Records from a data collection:
####################
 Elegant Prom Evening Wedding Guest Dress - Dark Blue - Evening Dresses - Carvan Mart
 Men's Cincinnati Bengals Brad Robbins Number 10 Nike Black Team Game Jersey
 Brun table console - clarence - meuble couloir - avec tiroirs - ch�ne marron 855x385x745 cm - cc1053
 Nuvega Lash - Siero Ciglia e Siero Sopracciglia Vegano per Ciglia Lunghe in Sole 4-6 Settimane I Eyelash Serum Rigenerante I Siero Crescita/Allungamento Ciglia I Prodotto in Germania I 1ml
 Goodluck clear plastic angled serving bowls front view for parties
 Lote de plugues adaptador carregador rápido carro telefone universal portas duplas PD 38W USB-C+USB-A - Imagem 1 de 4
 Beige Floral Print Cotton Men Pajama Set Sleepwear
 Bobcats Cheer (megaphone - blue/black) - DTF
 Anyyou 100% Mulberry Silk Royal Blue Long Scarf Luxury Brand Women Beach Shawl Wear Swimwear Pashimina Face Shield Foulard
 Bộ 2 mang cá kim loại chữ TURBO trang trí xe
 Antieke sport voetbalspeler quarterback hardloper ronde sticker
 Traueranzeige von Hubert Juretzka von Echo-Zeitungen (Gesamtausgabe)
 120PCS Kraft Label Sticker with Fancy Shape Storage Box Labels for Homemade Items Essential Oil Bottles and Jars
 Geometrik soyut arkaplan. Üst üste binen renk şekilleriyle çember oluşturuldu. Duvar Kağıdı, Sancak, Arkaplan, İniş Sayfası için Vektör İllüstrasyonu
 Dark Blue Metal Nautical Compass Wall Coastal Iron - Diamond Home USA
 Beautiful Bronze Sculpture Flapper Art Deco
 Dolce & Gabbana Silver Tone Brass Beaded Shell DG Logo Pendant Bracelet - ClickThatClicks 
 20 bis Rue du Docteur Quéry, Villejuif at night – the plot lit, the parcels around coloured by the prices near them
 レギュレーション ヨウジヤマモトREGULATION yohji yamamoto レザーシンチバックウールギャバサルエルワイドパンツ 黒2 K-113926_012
####################
### Work task
All that belongs in your answer is the stretch of entries above from the line with "Traueranzeige von Hubert" through the line with "Dolce & Gabbana", printed exactly.

### Answer to this problem
 Traueranzeige von Hubert Juretzka von Echo-Zeitungen (Gesamtausgabe)
 120PCS Kraft Label Sticker with Fancy Shape Storage Box Labels for Homemade Items Essential Oil Bottles and Jars
 Geometrik soyut arkaplan. Üst üste binen renk şekilleriyle çember oluşturuldu. Duvar Kağıdı, Sancak, Arkaplan, İniş Sayfası için Vektör İllüstrasyonu
 Dark Blue Metal Nautical Compass Wall Coastal Iron - Diamond Home USA
 Beautiful Bronze Sculpture Flapper Art Deco
 Dolce & Gabbana Silver Tone Brass Beaded Shell DG Logo Pendant Bracelet - ClickThatClicks 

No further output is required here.